So privileged and excited to have Anurag here. For those of you who don’t know him, he joined AWS in 2011. From a short span of six years, these guys have built a multi-billion ARR business.
We’ll get into how they did it. It’s really exciting to have you here.
Anurag Gupta: Thanks.
Paul: How did you get to AWS?
Anurag: I was at a startup, which we sold to another company — you’re on the board, of course — I spent a couple of years there, to get the handcuffs off.
At that point, I couldn’t do another startup for personal reasons, so it was the question of where to go next. It’s easy to look back and figure out 10 years ago what company would you have loved to have been joined at that time.
The question for me was, 10 years from now, what’s the company I wanted to join now? What would I have wanted to join now? Amazon and AWS really were at the top of that list.
Paul: Bezos talks about the regret minimization, it sounds like you went through a very similar thought process there, too. What led you to AWS?
Anurag: I’m a systems guy.
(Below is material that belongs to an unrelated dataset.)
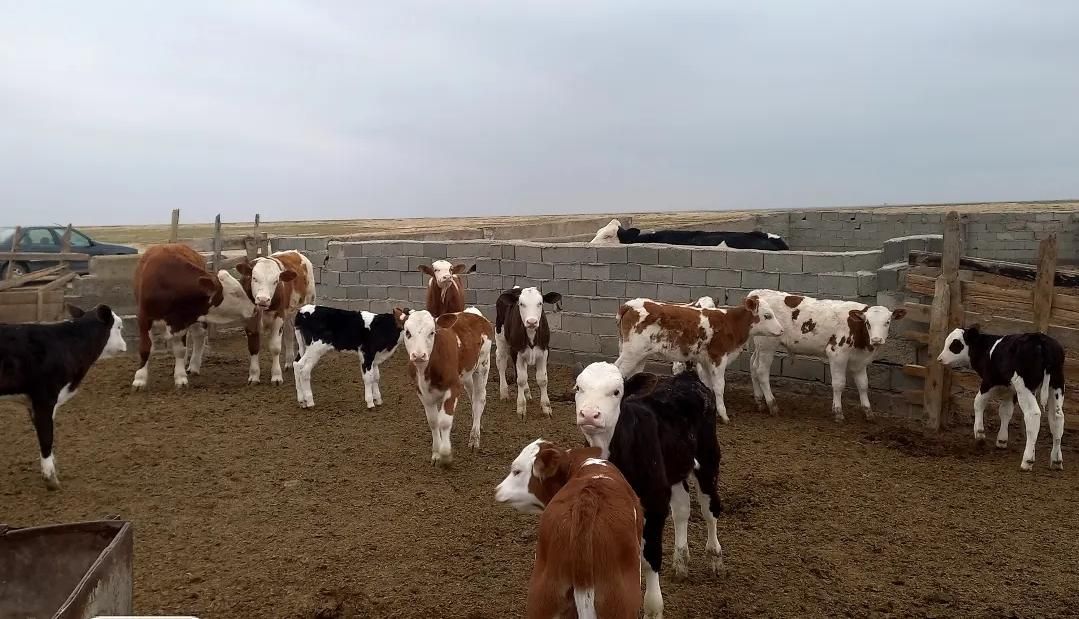 قطبه گوساله‌ سمینتال|حیوانات مزرعه|مرودشت, رودبال|دیوار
If you look at systems, these points were things…Transition, like mainframe to mini-computer, mini-computer to PC, PC to Internet, Internet to cloud and mobile.
When you look at those transitions, basically the whole stack has an opportunity to change. I saw the opportunity to change the stack.
Paul: It’s been astonishing, the depth of the innovation that you guys have introduced, the pace of the product, so that you have also done. More importantly, I’m surprised by the business model. You guys have turned a lot of non-consumption clients into mainstream customers.
The question is about, how did you guys approach this? What was the insight there that, from such a short period of time, you could actually come into the business and build such an off-ramp?
Anurag: You’re familiar with our working backwards process? Maybe I can fill you guys in a little bit.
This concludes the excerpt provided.